Greenpeace interpreted the apparent policy shift as driven by Al Gore's Presidential ambitions.
And a few days later the Clinton administration went forward with a policy based on these proposals, prompting Greenpeace to put out another press release stating:
"Five years ago at the Rio Summit, Al Gore and Bill Clinton accused the Bush White House of being the `lone holdout' and an `obstacle to progress' after it refused to support mandatory (as opposed to the non-mandatory agreement ultimately signed) curbs on greenhouse gases. Now, it is Al Gore and Bill Clinton who are the obstacles," concluded Kreider.
Al Gore, obstacle to progress on curbing global warming? Now that's odd. But maybe this policy was being made without his knowledge, consent, or participation? Not according to this BBC report on Gore's visit to the Kyoto summit a few weeks later:
On Monday, the United States vice-president, Al Gore - on a brief visit to Kyoto - said the American team was prepared to offer greater flexibility.
But he failed to shift from the established American position that emissions of the gases blamed for global warming be limited to 1990 levels - a target many countries say is inadequate.
Mr Gore later told a news conference that flexibility would depend on issues like how many gases were being controlled and whether countries' provision for absorbing carbon-dioxide in new forests were included.

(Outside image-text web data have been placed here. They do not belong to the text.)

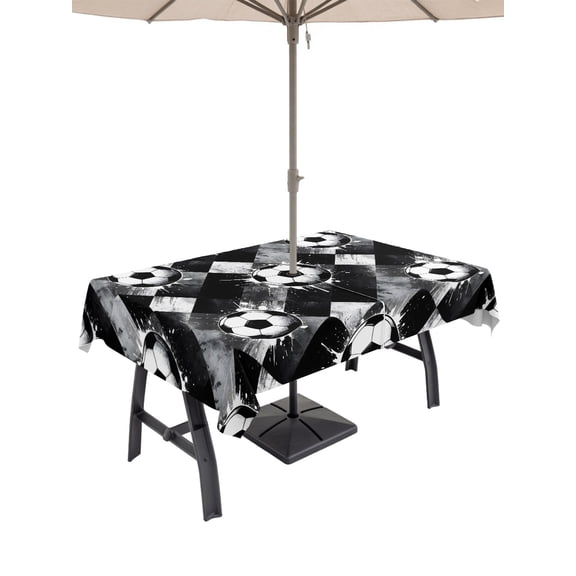 Outdoor Tablecloth with Umbrella Hole for Patio/Picnic/Party/Camping, Black White Football Waterproof Table Cloth Rectangle Table Cover Washable, Modern Abstract Art Balls Sport Game (60"x 102")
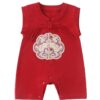 y552 - CNY Collections _ Chinese Style Red Style Phoenix Embroidery Sleeveless Jumper - Image 1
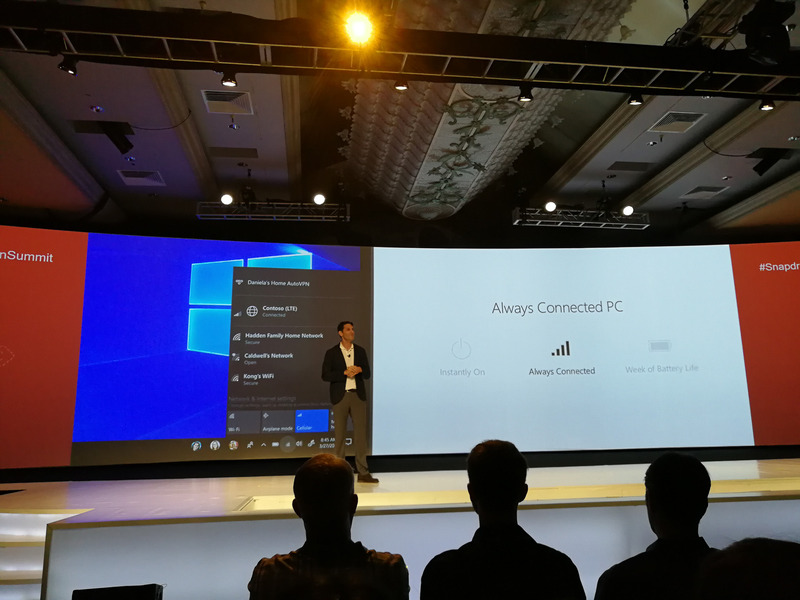Snapdragon 835を搭載したAlways Connected PCの特徴は、常時起動、常時接続、長時間バッテリ駆動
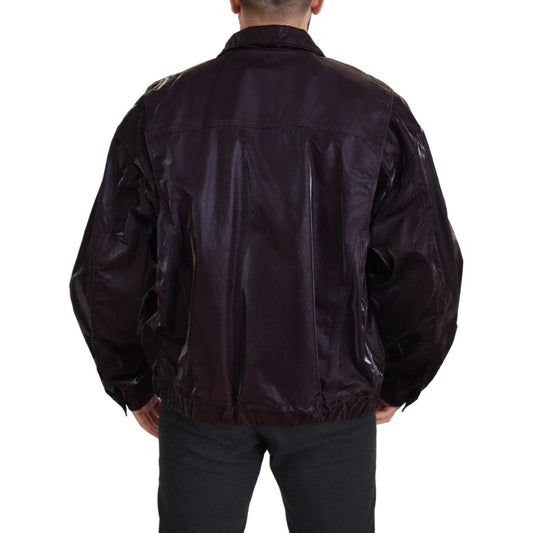 Dolce & Gabbana Bordeaux Nylon Collared Men Coat Jacket JKT3351- L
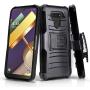 CasemartUSA Phone Case for [LG Premier Pro Plus (L455DL)], [Refined Series][Black] Cover with Kickstand & Holster for LG Premier Pro Plus (Tracfone, Simple Mobile, Straight Talk, Total Wireless)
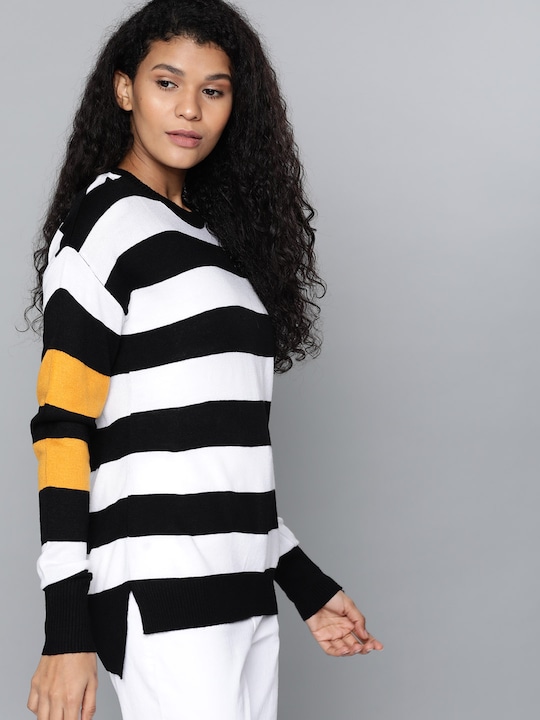 Harvard Women Striped Acrylic Pullover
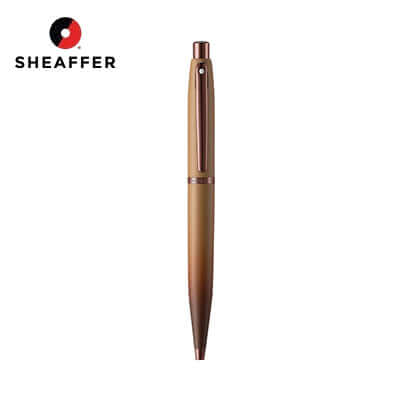 Sheaffer® Coffee Edition Matt Brown Ballpoint Pen with Regal Brown PVD Trims on a white background.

So the "flexibility" that Gore mentioned basically boiled down to: "We don't have to cut emissions, because we have so many trees."
Let's skip forward to the year 2000 UN climate summit at the Hague and see what the situation looked like then (using some headlines collected by FAIR):
- "Gas-Guzzling U.S. Under Fire at Global Warming Talks" (Agence France Presse)
- "U.S. Blamed for Climate Treaty Talks Deadlock" (London Daily Telegraph)
- "Climate Talks Fail to Close Rift with U.S." (London Guardian)
- "U.S. Blocks Attempts to Cut Global Warming" (London Independent)
- "Pollution Pact Under Threat as America Is Accused of Con Trick" (London Times)
Hey, FAIR, I can play this game too--here are a few that I found:
- "Climate Talks Stall Over US Proposal for Carbon 'Sinks', Pollution 'Credits'" (Reuters)
- "Activists, Delegates Say Washington Is Seeking Loopholes In Efforts To Cut Global Gas Emissions" (Los Angeles Times)
- "US Berated For Wriggling Out Of Treaty Pledges / EU fury grows as Americans try to exploit loopholes" (London Guardian)
- "US Plays Dirty As Planet Chokes" (London Observer)
And here's a good summary of the controversy (from that last article):
The prime problem is America, the world's greatest emitter of carbon dioxide, which presses, with increasing insistence, that it should be spared from reducing its output and should instead be allowed to create new forests, both in the US and the Third World. These trees and plants, known collectively as carbon sinks, will soak up all that nasty carbon dioxide, say US delegates, and will obviate the need for Americans to abandon their profligacy.
The US also believes that by planting crops specially designed to soak up carbon dioxide, it could extend its 'sink' philosophy from the wild to the farmyard, thus strengthening its case for unabated industrial emissions. It was this idea, introduced at the Hague last week, that provoked that outburst of fury by Europe's delegates.
Other US agricultural innovations circulating last week included the wonderful idea of feeding sheep, pigs and cows special anti-flatulence diets to reduce levels of methane, another greenhouse gas. This notion merely induced derisive laughter.
(Laughter? Have these people no appreciation of the dire danger posed to the planet by livestock farts? Yeesh.)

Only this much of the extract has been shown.